A metáfora que dá nome a seu disco Voz bandeira (2019) ajuda a pensar a relação entre o canto e a crença, a canção e a política. Ao mesmo tempo, há no seu trabalho uma grande tensão entre não se limitar nas identidades e definições fixas, mas também se posicionar estética e politicamente. Como é esse malabarismo da voz com as bandeiras que a voz defende?
Com relação às bandeiras que a gente defende, há horas em que a gente defende de uma maneira mais elaborada, mais direta, mais escancarada, e há hora que defende sem estar defendendo. Às vezes a gente está só querendo fazer algo que acordou com vontade de fazer. E isso por si só já é defesa de alguma maneira. O fato é que, como eu tenho uma trajetória muito ligada à política, de muita construção política coletiva, eu acho que a maior bandeira da minha carreira é a coletividade. Desde o primeiro trabalho, com muita gente trabalhando para que fosse custeado; desde os trabalhos coletivos, como o ÉPreta, até o disco Voz bandeira, que tem a maior bandeira dele ali, talvez seja isso: encontro. E são muitos encontros. Acontece o encontro meu com outras mulheres negras, no disco, na canção. E na produção com a Ana Costa e com outras figuras que são muito engajadas, como Leandro Vieira. Então, essa Voz bandeira pode ser percebida tanto numa forma de cantar, num timbre, numa postura do corpo que muda, que altera a energia dessa voz. Essa voz bandeira está em muitos lugares. Não só no repertório, na mensagem. Ela está no corpo. Então, ela é viva, ela faz parte da artista que eu sou. Se eu entendi bem a pergunta, esse malabarismo, se ele existe, ele não é consciente; é muito do sentir mesmo. Pensar é sinônimo do sentir.
Canção-miragem
Marina, você já tem três discos — Marina Iris (2014), Rueira (2018) e Voz bandeira (2019). Acho que isso já lhe permite uma visão de conjunto e de desenvolvimento da sua obra. O que você acha que existe em comum entre esses álbuns e como você avalia a progressão desses trabalhos?
O que tem em comum nesses trabalhos é a relação com algumas pautas que me formam. Marina Iris, o primeiro, é uma apresentação; então, eu faço muita referência, na escolha de repertório, àquilo que aprendi, que eu vivenciei mais no Bip Bip mesmo, que eu aprendi com os compositores que construíram comigo, figuras da minha geração, como Manu da Cuíca, Tomaz Miranda e o Buchecha. Rafael de Moraes, João Martins, figuras de quem eu também já estava me aproximando mais e fazendo referência a composições que marcaram de alguma maneira a minha trajetória. É um disco mais de apresentação mesmo, de fazer referência ao que eu construí como cantora e compositora até ali.
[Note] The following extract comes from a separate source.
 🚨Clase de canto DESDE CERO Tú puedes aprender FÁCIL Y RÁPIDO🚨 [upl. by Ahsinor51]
O Rueira e o Voz Bandeira são mais marcados pelo encontro e pelas pautas políticas que eu sempre defendi. Eu acho que essa coisa vai num crescente. O Rueira tem esse lugar da mulher reivindicando o espaço da rua, o espaço público, reivindicando seus direitos e reivindicando a cidade. E é um com o outro, todos com Manu e Rodrigo Lessa, todas as melodias e arranjos musicais com produção do Rodrigo. As letras da Manu. E a gente construiu esse álbum pensando muito nessa perspectiva feminina. E o Voz Bandeira é o encontro meu com muitas mulheres. Muitas mulheres negras. Seis mulheres convidadas no disco e tem a produção também de uma mulher negra, que é a Ana Costa. E um time de músicos instrumentistas de pessoas negras. Então, o que existe em comum é um comprometimento com o ser político, o ser social, com os grupos sociais dos quais eu faço parte e com o ser político-artista que eu sou.
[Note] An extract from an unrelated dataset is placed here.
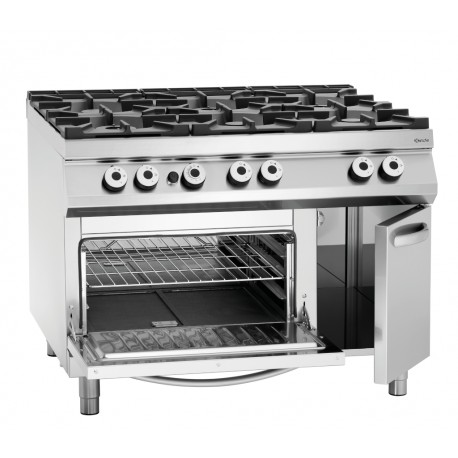 Gas pliit 6BR,gas oven,2/1GN NS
Já a instrumentação muda muito de um disco para outro, primeiro porque esse primeiro disco trouxe uma linguagem próxima daquela das figuras que construíram comigo no Bip. Já o Rueira, a gente deixou muito solto para criação do Rodrigo. Ele sabia muito da minha relação com o samba, tentou não se afastar disso, mas ele é um cara com muitos recursos, é um pesquisador, tem uma pesquisa muito grande sobre ritmo, gênero e tudo mais. A intenção da gente foi deixar que todo mundo pudesse explorar e apresentar o que acumulou ao longo da trajetória. Então, eu cantando, sentia-me à vontade de interpretar diferentemente as músicas. O que era um samba, eu tentei me referenciar em outras gravações clássicas de semba, de um caso do que era uma morna. Eu fiquei muito referenciada na Cesária Évora, essas coisas assim. Então, a gente pode ir, todo mundo, por caminhos mais libertos nesse sentido de explorar os seus acúmulos livremente. Manu igualmente, com relação às letras, de poder brincar com as palavras e com os temas. Ela é muito livre e plural também como compositora, transita muito bem por ritmos, por gêneros musicais diferentes.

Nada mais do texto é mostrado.